We would normally have to do a lot of calculations involving base running, fielding and park effects in order to calculate Wins, but the question is simplified by assuming that the two players were similar in every way except batting. Based on PA and wOBA, Gary had 40 Batting Runs which means than he contributed an estimated 40 runs above what would be expected from an average player in the same number of plate appearances. Since 10 runs is worth approximately one win, he was 4 WAA.
Sammy had 10 Batting Runs or 1 WAA. So, there was a a gap of three wins between the two players. (Note that we should actually be adding a fraction of a win for playing second base, but they both get the same fraction so we'll ignore it for simplicity.)
What if we use zero as the baseline rather than average?
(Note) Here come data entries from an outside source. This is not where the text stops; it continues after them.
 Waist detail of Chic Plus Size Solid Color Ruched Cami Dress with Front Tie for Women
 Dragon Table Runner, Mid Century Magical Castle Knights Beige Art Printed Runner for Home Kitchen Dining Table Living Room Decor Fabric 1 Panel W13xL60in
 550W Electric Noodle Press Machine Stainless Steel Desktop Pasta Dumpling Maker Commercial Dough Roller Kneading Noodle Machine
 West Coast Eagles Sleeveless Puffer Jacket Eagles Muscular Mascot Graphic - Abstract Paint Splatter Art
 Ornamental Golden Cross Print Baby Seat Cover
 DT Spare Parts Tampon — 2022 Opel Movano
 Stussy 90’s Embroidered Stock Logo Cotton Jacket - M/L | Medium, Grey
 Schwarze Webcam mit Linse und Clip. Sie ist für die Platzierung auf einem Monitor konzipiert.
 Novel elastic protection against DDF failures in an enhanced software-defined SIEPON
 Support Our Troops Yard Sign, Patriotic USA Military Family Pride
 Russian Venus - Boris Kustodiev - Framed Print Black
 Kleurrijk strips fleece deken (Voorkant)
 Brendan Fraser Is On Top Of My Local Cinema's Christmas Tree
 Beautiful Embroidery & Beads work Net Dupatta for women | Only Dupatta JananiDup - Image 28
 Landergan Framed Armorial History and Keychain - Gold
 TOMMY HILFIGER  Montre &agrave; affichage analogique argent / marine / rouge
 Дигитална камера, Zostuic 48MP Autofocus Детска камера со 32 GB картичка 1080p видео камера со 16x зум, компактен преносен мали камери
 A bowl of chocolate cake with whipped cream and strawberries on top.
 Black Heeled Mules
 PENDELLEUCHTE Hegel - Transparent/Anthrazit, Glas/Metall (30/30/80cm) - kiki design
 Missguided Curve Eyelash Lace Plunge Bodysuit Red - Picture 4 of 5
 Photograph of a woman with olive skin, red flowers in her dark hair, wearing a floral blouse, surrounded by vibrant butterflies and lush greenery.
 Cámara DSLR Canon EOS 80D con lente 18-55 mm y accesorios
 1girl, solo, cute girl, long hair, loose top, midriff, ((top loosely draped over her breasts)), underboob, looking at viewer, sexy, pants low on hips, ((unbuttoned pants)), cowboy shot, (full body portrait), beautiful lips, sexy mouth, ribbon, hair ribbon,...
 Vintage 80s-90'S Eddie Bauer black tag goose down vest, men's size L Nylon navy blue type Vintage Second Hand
An average player is worth 68 runs over 600 PA, so Gary was 40 + 68 = 108 runs above zero (also called Runs Created) or 10.8 WA0. Sammy had 78 Runs Created or 7.8 WA0. Again, the the two players were separated by three wins.
Finally, a replacement player is worth 20 runs per 600 PA below an average player, so Gary was 40 + 20 Runs Above Replacement or 6 WAR. Sammy was 30 Runs Above Replacement or 3 WAR. So, one more time there were three wins between the two batters.
Table 1 below clearly shows that there was a very big disparity in the number of wins a each player was credited in WAA, WA0 and WAR, but no difference in the number of wins separating the two players. This is because they had the same number of plate appearances.
Table 1: Two Players: Average in Every Way but Hitting
Measure

Gary
Great

Sammy
Solid

Difference

Plate Appereances

600

600

0

wOBA

.398

.335

.063

Runs Above Average

40

10

30

Wins Above Average

4

1

3

Runs Above Zero

108

78

30

Wins Above Zero

10.8

7.8

3

Runs Above Replacement

60

30

30

Wins Above Replacement

6

3

3

It's another story when players are far apart in their numbers of PA Suppose Gary had a .398 wOBA in 300 PA while Sammy still had a .335 wOBA in 600 PA. The results are summarized in Table 2 below.
In that case, Gary had 20 Batting Runs compared to 10 for Sammy. That comes out to 2 WAA for Gary and 1 WAA for Sammy. So Gary was one win better by that measure.
Does this make sense? Is a great hitter who missed half the season worth more wins than an above average hitter in a full season?
Let's see what happens if we change the threshold. An average player is worth 34 runs in 300 PA, so Gary was 20 + 34 = 54 Runs Above Zero. Sammy was still 78 Runs Above Zero. In terms of wins, Gary was 5.4 WA0 and Sammy 7.8 WA0. In this case, Sammy was 2.4 Wins better than Gary.
Finally, if replacement is the baseline, Gary was 20 + 10 = 30 Runs Above Replacement or 3 WAR while Sammy was 10 + 20 = 30 Runs Above Replacement or 3 WAR. So, they were considered equal contributors to wins by this metric.
Table 2: Two Players: Average in Every Way but Hitting, Playing Time
Measure

Gary
Great

Sammy
Solid

Difference

Plate Appearances

300

600

300

wOBA

.398

.335

.063

Runs Above Average

20

10

10

Wins Above Average

2

1

1

Runs Above Zero

54

78

24

Wins Above Zero

5.4

7.8

2.4

Runs Above Replacement

30

30

0

Wins Above Replacement

3

3

0

The lesson learned is that the baseline you choose can make a large difference in your evaluation of players. In the first case, Gary was the better player. In the second instance, Sammy was the better player by a substantial margin. In the third situation, they were equals. You don't have to use replacement level if you don't want, but it's important to be aware how much the results vary among baselines.